[Records from a dataset]
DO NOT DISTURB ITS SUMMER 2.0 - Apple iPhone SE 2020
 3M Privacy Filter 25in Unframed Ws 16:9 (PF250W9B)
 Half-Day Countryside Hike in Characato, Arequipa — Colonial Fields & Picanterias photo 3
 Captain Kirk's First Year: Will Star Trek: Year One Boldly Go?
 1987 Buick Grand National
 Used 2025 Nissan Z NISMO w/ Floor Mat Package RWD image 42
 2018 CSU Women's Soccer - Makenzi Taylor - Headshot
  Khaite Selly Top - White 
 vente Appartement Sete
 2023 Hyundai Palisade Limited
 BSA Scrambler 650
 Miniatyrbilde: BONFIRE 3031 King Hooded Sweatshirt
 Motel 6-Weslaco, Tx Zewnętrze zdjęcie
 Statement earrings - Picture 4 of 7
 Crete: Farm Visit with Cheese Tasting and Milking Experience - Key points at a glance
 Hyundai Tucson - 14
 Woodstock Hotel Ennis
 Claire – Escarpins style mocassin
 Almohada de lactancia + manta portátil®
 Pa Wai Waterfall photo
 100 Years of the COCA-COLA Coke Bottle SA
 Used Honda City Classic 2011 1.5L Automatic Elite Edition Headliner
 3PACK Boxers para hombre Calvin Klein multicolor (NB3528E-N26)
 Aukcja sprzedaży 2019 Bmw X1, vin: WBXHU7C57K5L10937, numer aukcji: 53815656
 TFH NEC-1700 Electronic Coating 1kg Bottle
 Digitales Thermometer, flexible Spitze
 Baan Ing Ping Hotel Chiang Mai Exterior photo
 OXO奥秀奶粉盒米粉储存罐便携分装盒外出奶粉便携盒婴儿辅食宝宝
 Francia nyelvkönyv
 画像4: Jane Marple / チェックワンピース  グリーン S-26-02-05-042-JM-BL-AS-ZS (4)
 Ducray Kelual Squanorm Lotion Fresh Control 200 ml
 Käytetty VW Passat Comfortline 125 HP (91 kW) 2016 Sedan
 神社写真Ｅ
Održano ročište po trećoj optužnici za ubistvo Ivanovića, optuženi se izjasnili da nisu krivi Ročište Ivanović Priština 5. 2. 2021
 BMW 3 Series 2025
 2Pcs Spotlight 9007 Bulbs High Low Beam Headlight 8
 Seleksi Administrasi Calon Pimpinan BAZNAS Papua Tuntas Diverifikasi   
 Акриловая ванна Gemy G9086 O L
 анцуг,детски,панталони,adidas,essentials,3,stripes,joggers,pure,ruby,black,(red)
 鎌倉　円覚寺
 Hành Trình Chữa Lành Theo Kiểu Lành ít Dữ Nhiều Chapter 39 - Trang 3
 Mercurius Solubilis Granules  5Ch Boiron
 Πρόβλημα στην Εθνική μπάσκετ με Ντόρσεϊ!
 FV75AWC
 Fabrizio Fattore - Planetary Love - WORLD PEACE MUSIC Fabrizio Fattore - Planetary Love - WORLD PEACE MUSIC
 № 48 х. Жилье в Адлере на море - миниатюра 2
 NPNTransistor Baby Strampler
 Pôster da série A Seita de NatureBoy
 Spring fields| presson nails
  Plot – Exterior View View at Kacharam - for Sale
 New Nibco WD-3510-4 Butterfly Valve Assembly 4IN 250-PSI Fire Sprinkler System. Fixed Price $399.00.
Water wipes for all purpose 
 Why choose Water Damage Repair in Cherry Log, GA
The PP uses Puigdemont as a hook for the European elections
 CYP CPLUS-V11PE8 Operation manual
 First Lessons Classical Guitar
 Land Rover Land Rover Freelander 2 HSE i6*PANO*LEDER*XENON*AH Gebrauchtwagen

What to work on
If a line in the entries contains "Exterior", copy it.

Solution to this exercise
 Baan Ing Ping Hotel Chiang Mai Exterior photo
  Plot – Exterior View View at Kacharam - for Sale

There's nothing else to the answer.